In a truly working class party, “party unity” would be achieved on the basis of what program, strategy and tactics are needed to fight for the interests of working people, unlike the Democratic Party where “party unity” means conciliation with establishment politicians like Joe Biden and their corporate backers. Equipped with a genuinely working class program, free from corporate cash and traditional politicians, such a party could win away sections of working class people who may make the mistake of voting for Trump because of mistrust of Joe Biden and the Democratic Party’s very real betrayals of ordinary people.
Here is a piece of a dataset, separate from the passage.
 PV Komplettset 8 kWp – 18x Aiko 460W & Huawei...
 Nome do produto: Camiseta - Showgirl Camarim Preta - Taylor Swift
A fighting working class party could not rely on politics as usual to get things done. It’s power would come from its roots in social justice movements like Black Lives Matter, the Youth Climate Strikes and the teachers’ uprisings that swept across the country over the last few years. Along these lines it would need truly democratic structures that engage working class people to be able to hold its elected officials accountable, especially as they enter the hostile waters of corporate-dominated legislative bodies. For example, people’s assemblies or town halls could be organized in Bush’s Congressional district to hold her accountable and politically engage folks on the urgent questions of the day. This is where the role of socialists becomes vital in arguing that we should break with capitalism altogether, and build a society that is built around the needs of the vast majority of society, not the billionaire class.

In January, Cori Bush and the rest of The Squad will enter the next Congress in the midst of a New Great Depression, with mass unemployment, evictions and potentially an ongoing pandemic as a part of normal life for working class people. Regardless of whether Trump or Biden is in the White House, there is a dire need for genuine representatives who fight constantly for the interests of working class people. This means going into conflict with corporate interests and establishment politicians on both sides of the isle, and when blocked, relying on the tremendous power working people have when well organized and fighting for their collective interests. These are the tactics Cori Bush used to bring down a corrupt St. Louis political dynasty, and they will be needed even more once she gets to Congress.